Is it time for the MA Fashion course at Central Saint Martins to change? 

Make, show, graduate, repeat is the linear process for MA fashion students. But we discover from a member of this cohort, Julia Dotson, that attitudes towards this are shifting away from an “old-school fashion mentality.”

Every year we catch a glimpse of the future in fashion. Selected students from Central Saint Martin’s MA Fashion cohort reveal their final collections during London Fashion Week. We get a taste of what fashion is transitioning to, woven concepts are unravelled onto silhouettes, crafted by the next generation of designers, makers and artists. 

This course tradition has sustained for years but is it time we are starting to see a shift? Sure, the show still takes place in the chamber of St Martins that has homed radical alumni and remains to exhilarate and enlighten the London Fashion Week onlookers but as we discover from speaking to Julia Dotson, it’s the attitude towards this systematic teaching that is shifting.

Julia Dotson, Central Saint Martins, MA Fashion Final Collection Line Up, 2024

Raised in Charleston, South Carolina, Julia graduates from MA Fashion after dedicating six years to studying at St Martins. Their practice is a cultivation of materials found in 20th-century American domestic spaces and drawing inspiration from Derek Jarman, Gee’s Bend and Bill Traylor to recontextualise the archetype of heteronormative spaces in a queer-coded context. Julia materialises this using found brown paper bags, tablecloths and bedsheets to mend the mistakes of the past, allowing for an inclusive future. Their key motif? Using humour as a means of protest.    

We sit outside the MA studios, just a few hours after the lineup for the show was announced, as they patiently embroider a shirt and discuss their motivations, ‘future plans’ (I quote because how can you daunt a graduating student by questioning their next steps), student experience and hosting mending workshops…

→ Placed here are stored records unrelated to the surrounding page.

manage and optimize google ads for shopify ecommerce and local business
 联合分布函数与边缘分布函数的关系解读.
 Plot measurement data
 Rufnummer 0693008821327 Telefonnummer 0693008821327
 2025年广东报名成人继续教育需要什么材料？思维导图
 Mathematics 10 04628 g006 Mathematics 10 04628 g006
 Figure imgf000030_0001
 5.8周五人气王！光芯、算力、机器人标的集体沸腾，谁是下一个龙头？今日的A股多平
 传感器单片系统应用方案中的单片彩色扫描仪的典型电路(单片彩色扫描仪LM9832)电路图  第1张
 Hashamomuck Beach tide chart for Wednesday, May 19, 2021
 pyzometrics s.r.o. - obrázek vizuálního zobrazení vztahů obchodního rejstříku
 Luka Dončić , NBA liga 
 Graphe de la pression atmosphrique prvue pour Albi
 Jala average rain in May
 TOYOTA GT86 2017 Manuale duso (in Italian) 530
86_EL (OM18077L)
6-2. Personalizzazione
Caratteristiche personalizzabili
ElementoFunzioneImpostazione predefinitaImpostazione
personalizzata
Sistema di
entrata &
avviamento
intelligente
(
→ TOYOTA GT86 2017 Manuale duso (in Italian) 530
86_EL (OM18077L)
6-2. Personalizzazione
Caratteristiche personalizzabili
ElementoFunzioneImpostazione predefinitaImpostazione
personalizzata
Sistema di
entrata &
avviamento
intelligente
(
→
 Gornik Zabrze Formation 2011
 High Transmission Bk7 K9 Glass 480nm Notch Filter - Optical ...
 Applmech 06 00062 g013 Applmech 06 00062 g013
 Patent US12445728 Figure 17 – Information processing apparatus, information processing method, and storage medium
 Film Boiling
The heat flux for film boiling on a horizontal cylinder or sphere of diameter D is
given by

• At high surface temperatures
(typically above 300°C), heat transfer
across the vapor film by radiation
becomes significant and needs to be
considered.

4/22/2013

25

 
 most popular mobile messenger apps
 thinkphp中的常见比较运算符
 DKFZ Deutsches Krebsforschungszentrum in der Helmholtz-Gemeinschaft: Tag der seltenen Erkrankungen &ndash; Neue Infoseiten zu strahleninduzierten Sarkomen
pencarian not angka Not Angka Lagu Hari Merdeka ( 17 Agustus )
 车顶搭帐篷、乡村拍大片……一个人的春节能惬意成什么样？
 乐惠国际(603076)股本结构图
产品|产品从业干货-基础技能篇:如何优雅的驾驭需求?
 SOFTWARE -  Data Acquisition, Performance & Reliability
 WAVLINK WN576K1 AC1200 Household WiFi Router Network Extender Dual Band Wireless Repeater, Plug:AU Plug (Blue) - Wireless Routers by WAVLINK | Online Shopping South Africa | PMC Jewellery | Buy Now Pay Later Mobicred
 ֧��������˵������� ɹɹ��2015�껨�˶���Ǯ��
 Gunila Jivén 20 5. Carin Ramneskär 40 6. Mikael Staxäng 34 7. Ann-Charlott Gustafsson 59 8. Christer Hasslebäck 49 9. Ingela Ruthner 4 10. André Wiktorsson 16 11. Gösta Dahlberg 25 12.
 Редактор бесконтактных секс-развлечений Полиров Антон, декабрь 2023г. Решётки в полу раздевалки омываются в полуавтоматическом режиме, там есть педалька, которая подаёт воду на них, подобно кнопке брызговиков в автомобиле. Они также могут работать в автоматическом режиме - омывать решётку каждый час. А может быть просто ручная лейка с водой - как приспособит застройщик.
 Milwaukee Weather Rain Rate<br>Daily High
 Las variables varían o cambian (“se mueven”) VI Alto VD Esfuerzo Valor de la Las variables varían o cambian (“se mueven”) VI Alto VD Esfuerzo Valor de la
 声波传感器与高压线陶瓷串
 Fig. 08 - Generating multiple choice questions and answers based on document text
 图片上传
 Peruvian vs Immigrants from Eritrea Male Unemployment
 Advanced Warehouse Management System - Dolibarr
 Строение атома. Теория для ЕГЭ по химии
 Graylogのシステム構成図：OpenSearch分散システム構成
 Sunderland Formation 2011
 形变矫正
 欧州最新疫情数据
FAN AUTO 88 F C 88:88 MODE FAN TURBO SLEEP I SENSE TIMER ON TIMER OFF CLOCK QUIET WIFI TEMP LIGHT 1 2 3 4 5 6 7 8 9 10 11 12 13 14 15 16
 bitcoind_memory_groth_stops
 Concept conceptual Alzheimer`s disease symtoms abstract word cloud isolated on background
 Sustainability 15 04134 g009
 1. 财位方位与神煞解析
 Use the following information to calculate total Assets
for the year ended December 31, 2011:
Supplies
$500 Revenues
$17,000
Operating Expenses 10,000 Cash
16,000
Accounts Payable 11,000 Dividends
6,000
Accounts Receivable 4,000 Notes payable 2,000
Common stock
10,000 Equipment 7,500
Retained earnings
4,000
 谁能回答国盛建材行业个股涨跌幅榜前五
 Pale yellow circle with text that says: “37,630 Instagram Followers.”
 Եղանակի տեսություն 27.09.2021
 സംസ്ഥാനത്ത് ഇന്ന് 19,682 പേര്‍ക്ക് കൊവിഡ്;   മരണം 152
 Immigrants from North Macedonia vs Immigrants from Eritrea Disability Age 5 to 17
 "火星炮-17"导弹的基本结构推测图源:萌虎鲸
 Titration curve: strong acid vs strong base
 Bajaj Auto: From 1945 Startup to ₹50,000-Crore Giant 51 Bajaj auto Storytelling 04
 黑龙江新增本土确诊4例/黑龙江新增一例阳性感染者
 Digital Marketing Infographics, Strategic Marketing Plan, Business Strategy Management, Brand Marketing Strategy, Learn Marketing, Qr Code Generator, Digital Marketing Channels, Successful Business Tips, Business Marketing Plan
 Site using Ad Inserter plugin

Could you describe what your practice is motivated by? 

It’s somewhat vague, the two categories are craft and then the people. Especially now, I think, doing the MA, has helped me understand how people wear clothing, in a tactile, sensual way, and how you can make other people feel. And especially in terms of gender identity, clothing is one of the key things that can help you affirm it or feel disillusioned by it. And I think, for one thing, it helped me understand my own quite a lot more, and then I hope to help other people feel a bit more okay in theirs as well. 

It's sometimes easy to forget who will actually be wearing your clothes. 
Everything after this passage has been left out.